(Crawled caption data)
────
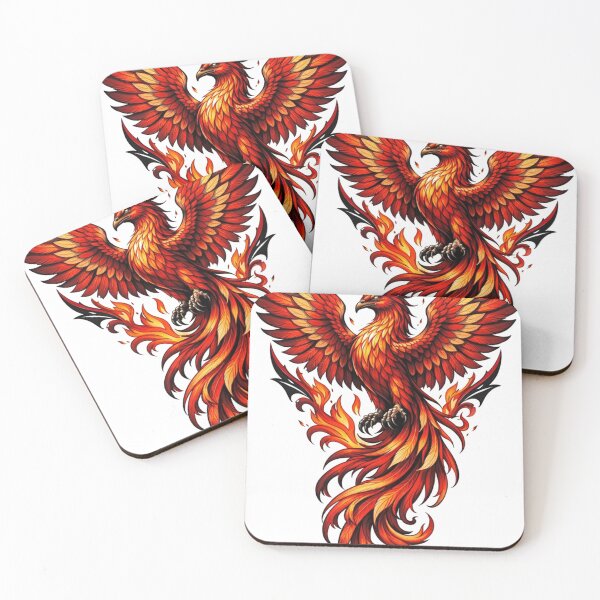Item preview, Rising Phoenix From The Ashes - Majestic Firebird Tattoo Art designed and sold by Hou$e of Art .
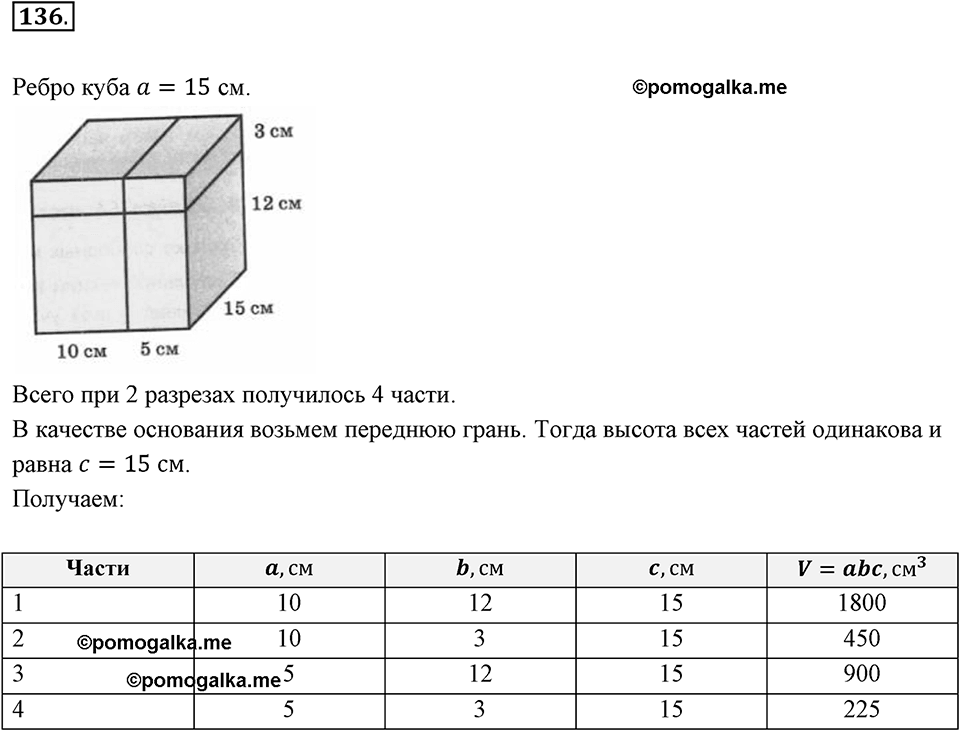 Дроби и проценты. 1.6. Столбчатые и круговые диаграммы. Номер 136 — решение 1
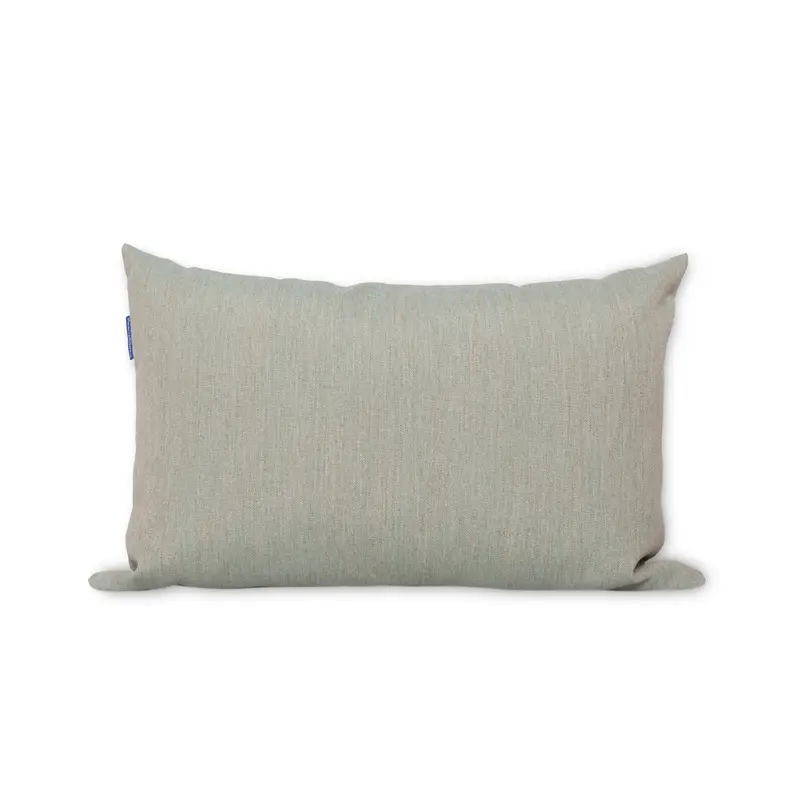 Twill Funda de cojín decorativo 60x40 cm Azul claro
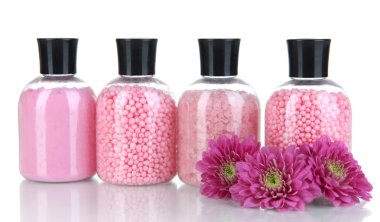 Aromaterapi mineral - beyaz izole renkli banyo tuzu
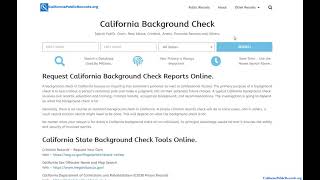 California Public Records Online Search Guide.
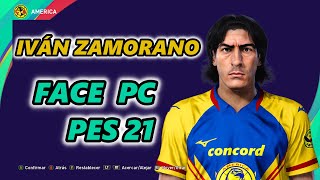 IVAN ZAMORANO FACE PC PREVIEW AMERICA 2002 eFootball PES 2021 [upl. by Ahsyekal271]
────
## What to do
Pictures stay out; reproduce exactly the lines from the one containing "Aromaterapi mineral - beyaz" through the end of the data.

## Your solution
 Aromaterapi mineral - beyaz izole renkli banyo tuzu
 California Public Records Online Search Guide.
 IVAN ZAMORANO FACE PC PREVIEW AMERICA 2002 eFootball PES 2021 [upl. by Ahsyekal271]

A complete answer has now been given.